Courts have been finding ways to avoid hearing bankruptcy cases for a long time. This practice distinguishes bankruptcy from other types of federal cases. The federal district courts operate under the twin principles that they are courts of limited jurisdiction and have a “virtually unflagging” obligation to exercise it. But those twin principles are inverted in bankruptcy. That is because bankruptcy courts do more than just resolve disputes; they solve problems.
Bankruptcy jurisdiction is expansive and dramatic. When a debtor commences a bankruptcy case, the bankruptcy court has jurisdiction not only over the case itself and proceedings “arising in” the case, but also a broad swath of cases “related to” the bankruptcy proceedings. Yet, unlike their district court relatives, bankruptcy courts have much broader authority to dismiss or abstain from hearing cases before them, as well as to reshape the contours of a bankruptcy case by lifting the stay or by allowing custodians to maintain control of property of the estate.
Bankruptcy courts wield that authority in a host of pragmatic, equitable, and surprising ways: pulling back when the case lacks a bankruptcy purpose, policing against a range of forum-shopping practices, abstaining when other insolvency proceedings are underway, and (most strikingly) stepping back when debtors and creditors are engaged in informal, out-of-court workouts. This Article refers to all these abstention or abstention-adjacent decisions as “bankruptcy abstention,” a mix of permissive and mandatory rules that provide contours to the jurisdiction of the bankruptcy courts by limning out bankruptcy’s “negative spaces.”

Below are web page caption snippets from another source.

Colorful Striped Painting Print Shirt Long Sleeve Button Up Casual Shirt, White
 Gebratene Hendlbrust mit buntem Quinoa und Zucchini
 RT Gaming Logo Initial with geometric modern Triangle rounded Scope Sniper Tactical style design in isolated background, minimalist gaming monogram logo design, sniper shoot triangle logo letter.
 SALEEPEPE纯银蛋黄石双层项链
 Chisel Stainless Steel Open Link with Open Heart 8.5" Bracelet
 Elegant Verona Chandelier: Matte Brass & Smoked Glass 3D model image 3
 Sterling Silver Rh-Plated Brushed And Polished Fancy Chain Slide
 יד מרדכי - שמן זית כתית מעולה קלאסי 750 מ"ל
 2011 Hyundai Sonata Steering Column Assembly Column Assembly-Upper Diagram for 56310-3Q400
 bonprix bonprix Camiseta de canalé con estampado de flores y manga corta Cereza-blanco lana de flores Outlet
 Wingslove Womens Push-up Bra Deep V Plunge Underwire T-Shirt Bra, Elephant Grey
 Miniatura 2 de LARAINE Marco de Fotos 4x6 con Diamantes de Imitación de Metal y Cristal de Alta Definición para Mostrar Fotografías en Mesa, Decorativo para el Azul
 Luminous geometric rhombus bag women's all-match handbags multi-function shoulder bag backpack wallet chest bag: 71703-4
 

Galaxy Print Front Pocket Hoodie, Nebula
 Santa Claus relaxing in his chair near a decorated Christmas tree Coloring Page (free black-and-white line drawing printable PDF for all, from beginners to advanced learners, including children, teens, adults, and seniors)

This Article maps out three situations when the bankruptcy courts pull back, explores what this unusual practice tells us about bankruptcy as an area of law, suggests how bankruptcy abstention might be refined, and proposes some lessons about the nature of courts along the way. While federalism principles can explain much of bankruptcy abstention, bankruptcy courts also pull back from re-adjudicating out-of-court workouts that they deem fair and efficient — even when the matters have not yet seen the inside of a courtroom. Bankruptcy courts also pull back when they perceive that the tools at their disposal are a poor fit for the problem they are being asked to solve. Bankruptcy abstention thus goes beyond federalism principles and demonstrates the character of the bankruptcy courts as courts of equity — courts that nurture what Alexander Bickel called the “passive virtues.” The Article suggests that we can rethink some of bankruptcy’s most contentious doctrines through that lens, coins the phrase “bankruptcy ripeness,” and provides new insight into the debate over bankruptcy exceptionalism. This reframing can, in turn, suggest guidance to attorneys, judges, and policymakers for how best to fine-tune the bankruptcy system — as well as provide lessons for other courts of equity in the American legal system. Finally, the Article proposes that bankruptcy abstention represents a new battlefield for old debates about bankruptcy theory and suggests that bankruptcy scholars think of institutionalism as a third way of theorizing bankruptcy law.